We could use this data to make a prediction on the General Election if we wanted to. I’d claim it would give a pretty accurate representation of the national spread of support for the various parties. But I would not expect the Twitter data to reflect the result of the vote.

I would expect it to show a truer representation of the parliament the people actually want.

Rather than the one they’re going to get.


  • LinguaBrand

    Matt, this analysis is almost entirely wrong. Your EU 2014 predictions are WAY out of line with the results. Your twitter analysis got the Greens wrong by 36%, Tories by 30%, LibDems by 8%, Labour by 7% and UKIP by 1%. That’s an average 17% out; which is huge. Only your UKIP prediction came within the pollsters range of +/- 3%. Twitter got the Scotland No result wrong by 112%.

    You’re confusing percentage points with percentages.

    Maybe Twitter will do better with this election. Let’s see. Be good if it does. But it’s tendentious to claim accuracy given the examples you quote predict 1 of 6 results.

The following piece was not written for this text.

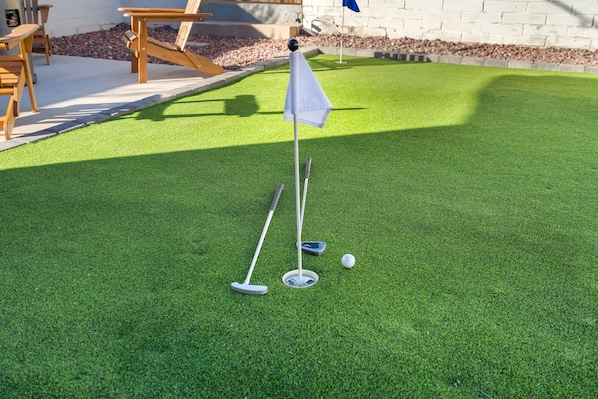 Un parcours de mini-golf comprenant un green d’entraînement, un drapeau et des balles de golf.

    Your take on voting systems neglects to mention the Lib-Dem coalition electoral reform deal. We were given the choice for change. The vote was firmly against. So that’s a dead duck of debate right now don’t you think?

  • Matt Pearson

    Hi LB,

    I think you’re challenging my labelling, not my analysis (I hope). The Y axis on that graph is percentage share of the vote, so if I were to mark the differences as percentages of a percentage it would only be confusing.

    So, yes, the differences are percentage points, rather than percentages. I don’t claim otherwise.

    M

  • LinguaBrand

    Our previous post couldn’t be clearer. Possibly wrong but clear. Your take on the figures is confusing in suggesting twitter has been accurate in predicting election results. Our take on your figures is that it hasn’t. Readers can read both and come to their own conclusions.

  • GiselleBodie

    Hi Matt. Isn’t true to say – and I know this will be difficult for Brandwatch – that your data analysis on both recent UK elections and last year, the Scottish Referendum was wildly incorrect? Your analysis of social media data was even “more wrong” than the traditional polls in both cases. Brandwatch can only analyse what people who are actively involved with social media are saying, not the wider public. And the “wider public” are still not using social media to express their views in sufficient numbers to make any analysis of this kind viable or useful.

  • Matt Pearson

    Hi Giselle. Yes, it’s true to say. And this election was a bombshell for pollsters. But I’d argue the “wider public” are not represented by the subset of traditional poll respondents any more than they are by the subset of social media.

    Our style of data analysis is still very young compared to traditional polling, but I’m more optimistic for its future because 1) social data gives us a MUCH larger sample, 2) year on year the demographic is broadening, and 3) the inherent biases are (theoretically) predictable and measurable.

    This third part is the challenge. It’s a matter of preempting and adjusting for these biases, which is much easier said than done. And it’s a problem traditional polling still hasn’t solved, even with a number of decades head-start.